■ Task to complete:
Reproduce word for word the lines between the one containing "Elephants bathing in" and the end of the entries below, both inclusive; leave out pictures.

■ Items from a dataset:
----------------------------------------

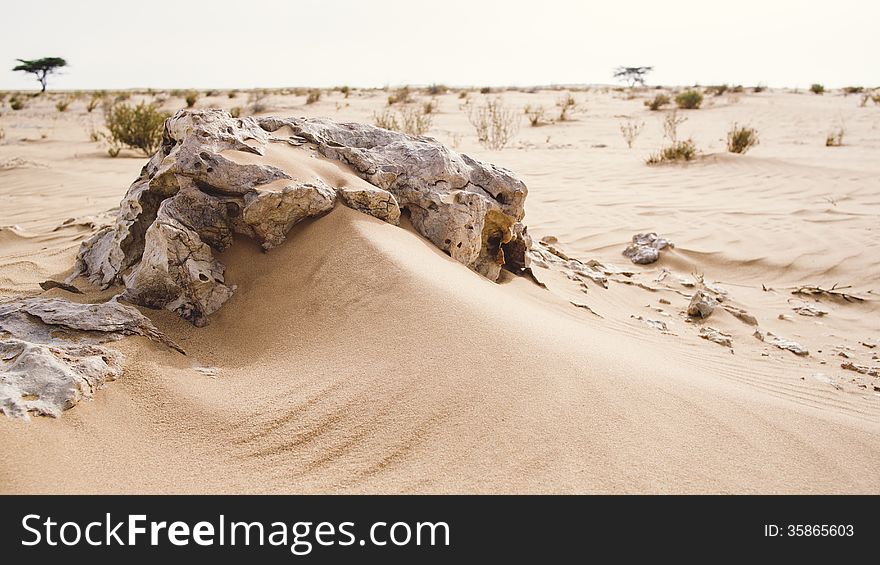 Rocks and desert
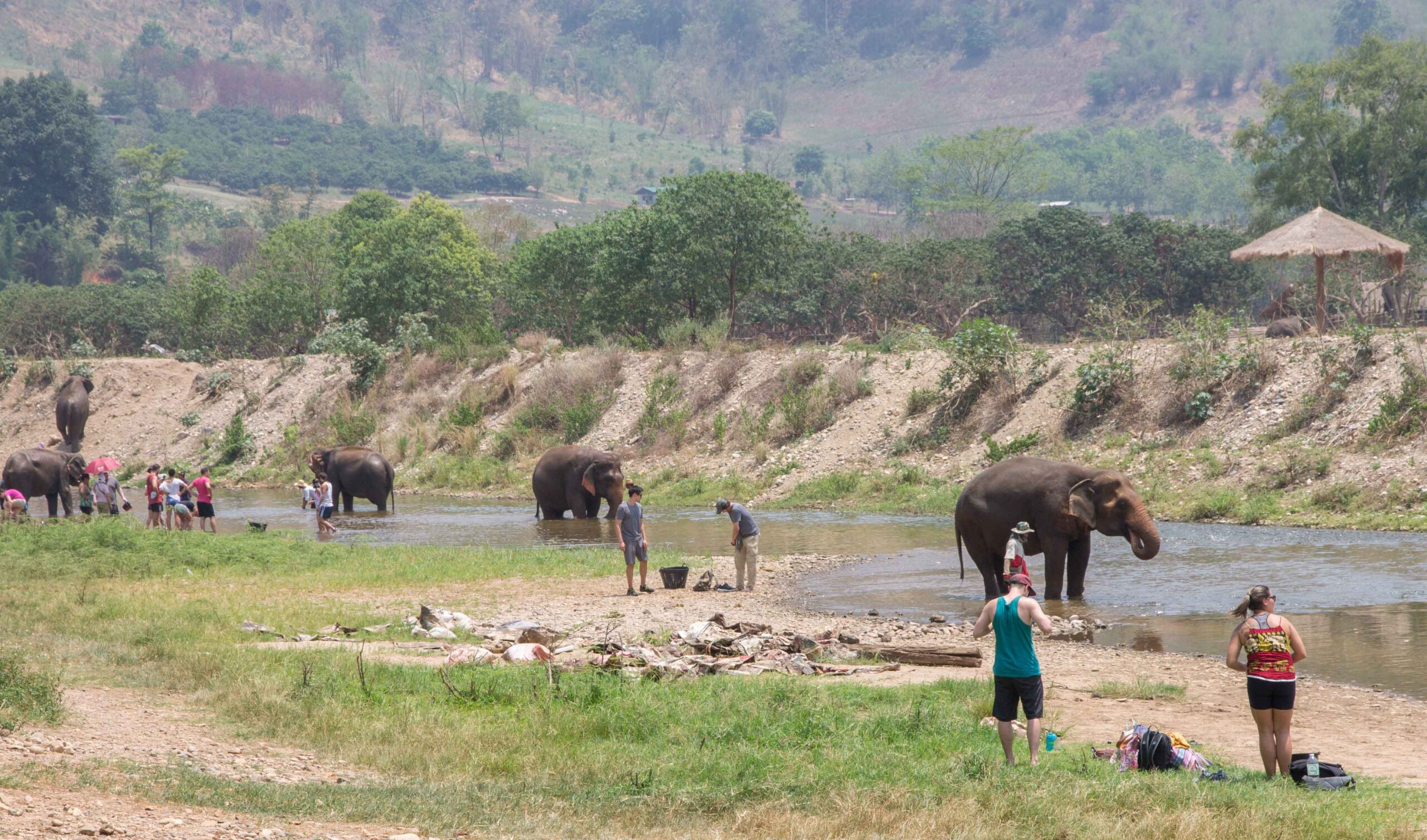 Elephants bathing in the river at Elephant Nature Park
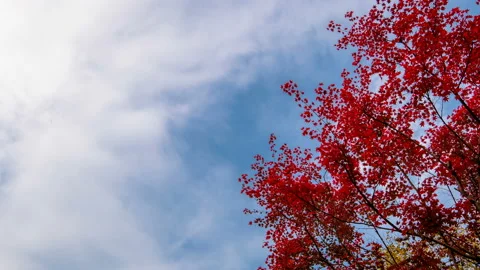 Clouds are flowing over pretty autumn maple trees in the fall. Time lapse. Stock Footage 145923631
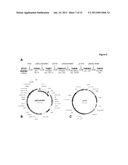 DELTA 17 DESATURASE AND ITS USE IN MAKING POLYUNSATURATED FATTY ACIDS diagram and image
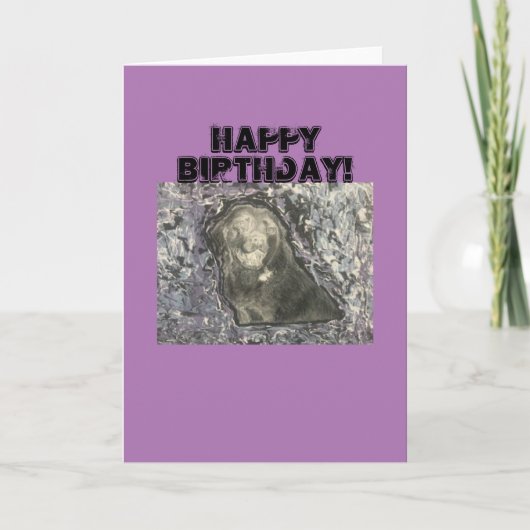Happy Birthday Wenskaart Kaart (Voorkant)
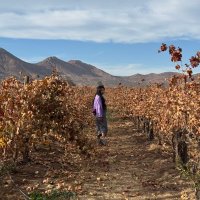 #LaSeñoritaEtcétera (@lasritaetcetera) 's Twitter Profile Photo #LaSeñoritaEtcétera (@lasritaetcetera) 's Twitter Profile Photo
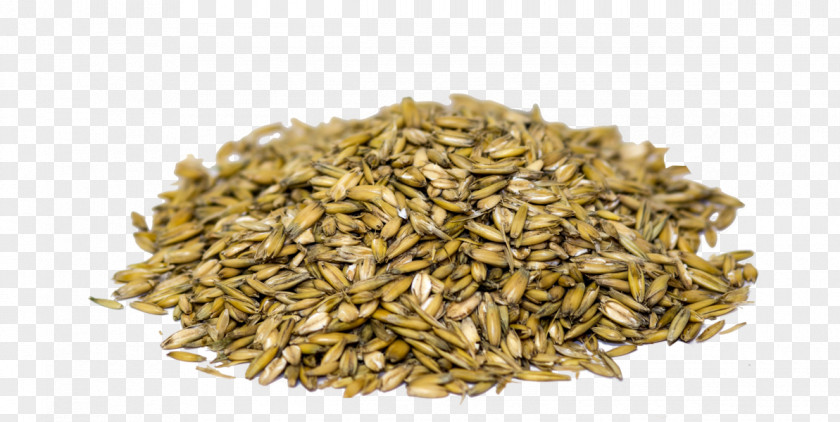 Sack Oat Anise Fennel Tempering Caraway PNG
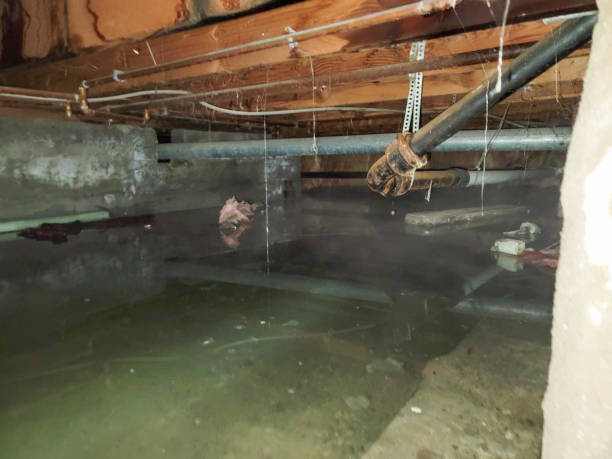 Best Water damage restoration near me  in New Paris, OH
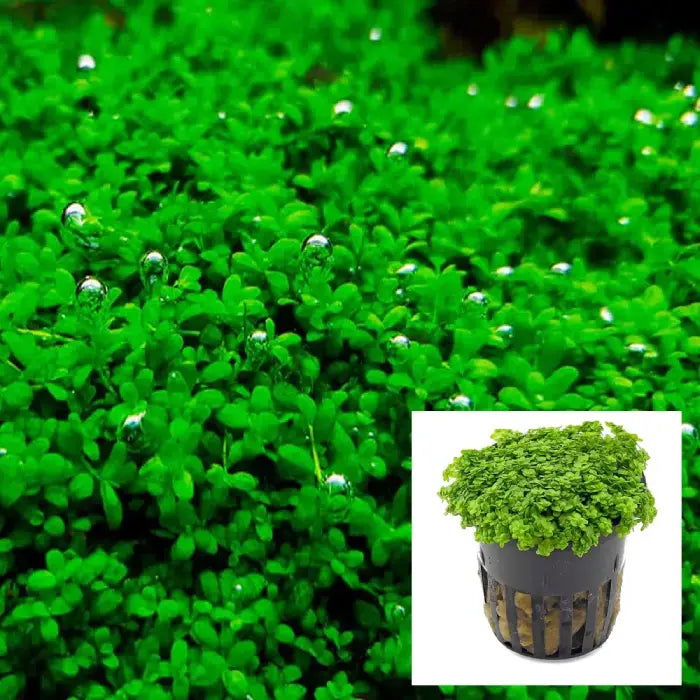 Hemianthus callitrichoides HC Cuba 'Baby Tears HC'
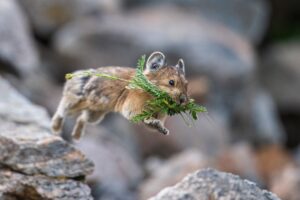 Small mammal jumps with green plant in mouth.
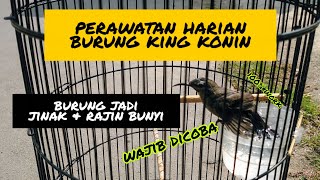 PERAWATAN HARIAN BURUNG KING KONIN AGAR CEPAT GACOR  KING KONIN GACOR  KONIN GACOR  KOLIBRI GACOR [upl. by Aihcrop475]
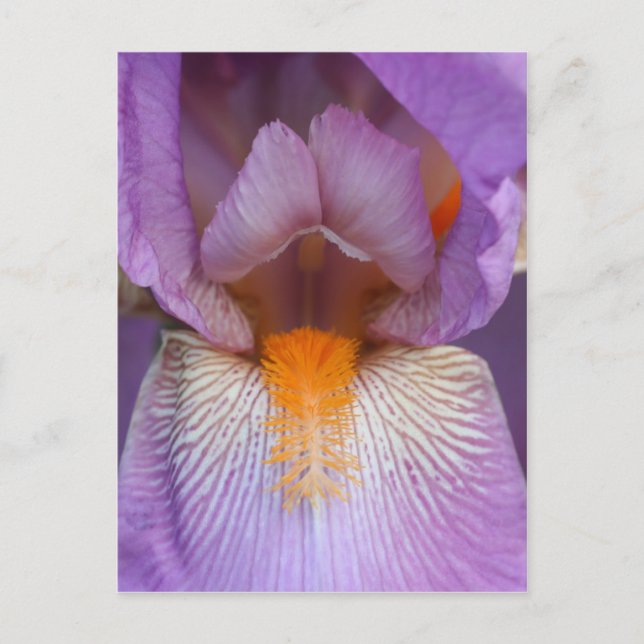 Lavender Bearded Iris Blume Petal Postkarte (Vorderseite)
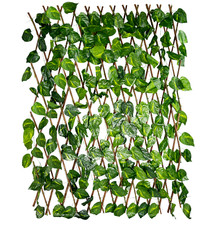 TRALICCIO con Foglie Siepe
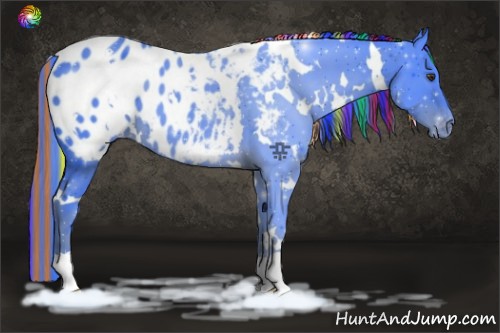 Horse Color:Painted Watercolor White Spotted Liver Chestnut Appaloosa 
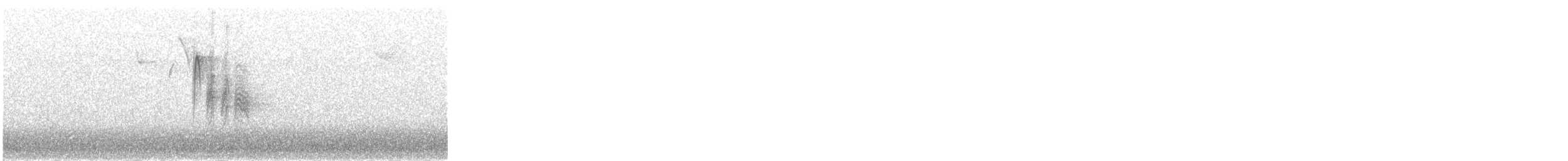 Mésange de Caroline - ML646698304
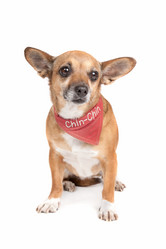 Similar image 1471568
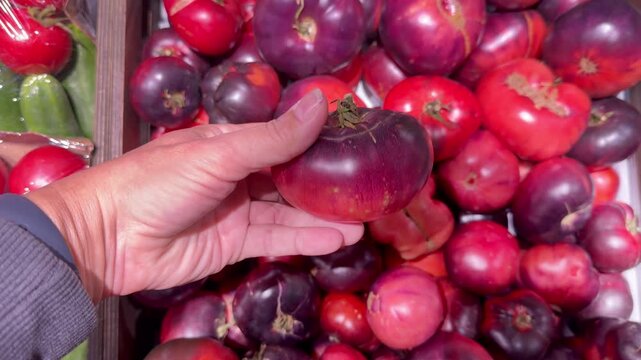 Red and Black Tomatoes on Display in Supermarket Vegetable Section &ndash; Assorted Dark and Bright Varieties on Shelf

----------------------------------------

■ Exercise output:
 Elephants bathing in the river at Elephant Nature Park
 Clouds are flowing over pretty autumn maple trees in the fall. Time lapse. Stock Footage 145923631
 DELTA 17 DESATURASE AND ITS USE IN MAKING POLYUNSATURATED FATTY ACIDS diagram and image
Happy Birthday Wenskaart Kaart (Voorkant)
 #LaSeñoritaEtcétera (@lasritaetcetera) 's Twitter Profile Photo #LaSeñoritaEtcétera (@lasritaetcetera) 's Twitter Profile Photo
 Sack Oat Anise Fennel Tempering Caraway PNG
 Best Water damage restoration near me  in New Paris, OH
 Hemianthus callitrichoides HC Cuba 'Baby Tears HC'
 Small mammal jumps with green plant in mouth.
 PERAWATAN HARIAN BURUNG KING KONIN AGAR CEPAT GACOR  KING KONIN GACOR  KONIN GACOR  KOLIBRI GACOR [upl. by Aihcrop475]
 Lavender Bearded Iris Blume Petal Postkarte (Vorderseite)
 TRALICCIO con Foglie Siepe
 Horse Color:Painted Watercolor White Spotted Liver Chestnut Appaloosa 
 Mésange de Caroline - ML646698304
 Similar image 1471568
 Red and Black Tomatoes on Display in Supermarket Vegetable Section &ndash; Assorted Dark and Bright Varieties on Shelf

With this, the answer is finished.